Voice Changer App Task Hijacking Vulnerability

A task hijacking vulnerability has been identified in the Voice Changer App, specifically in versions through 1.1.0. This vulnerability arises from an improper configuration in the AndroidManifest.xml file of the component com.tuyangkeji.changevoice. The misconfiguration allows malicious applications to hijack tasks from legitimate ones, inheriting their permissions and potentially leading to phishing attacks. This issue affects all Android versions prior to Android 11.

Impact

Exploitation of this vulnerability allows for task hijacking, where a malicious app can take over tasks of a legitimate app, leading to unauthorized access to the legitimate app's permissions and data.

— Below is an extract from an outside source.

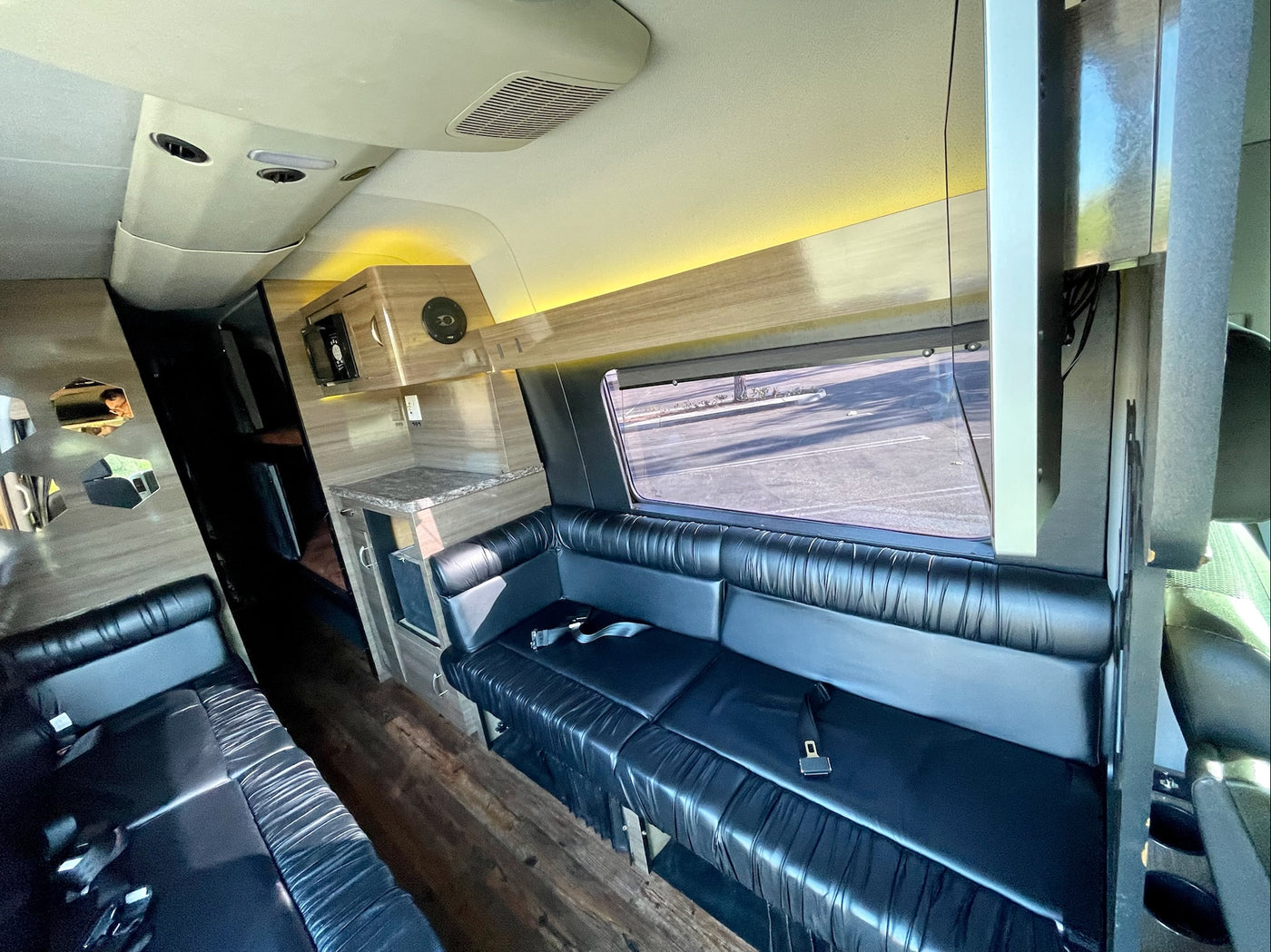 Luxury RV rental interior with spacious black leather seating, a counter area, and warm ambient lighting. — photo 10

This could result in the theft of sensitive information, such as login credentials, or manipulation of the user into granting additional permissions to the malicious app.

Reproduction

To reproduce this vulnerability, a malicious app must be created and configured to hijack tasks from the Voice Changer App. This involves setting the taskAffinity attribute of the malicious app to match that of the Voice Changer App component. Once the malicious app is installed and the task hijacking is successful, the Voice Changer App will inadvertently display the malicious app's activity instead of its own, allowing for phishing attacks or unauthorized access to sensitive information.

Remediation

Users can mitigate this vulnerability by updating to a version of the Voice Changer App that is later than 1.1.0. Additionally, developers should ensure that the taskAffinity property of application activities is set to a randomly generated value or properly configured to prevent unauthorized task hijacking.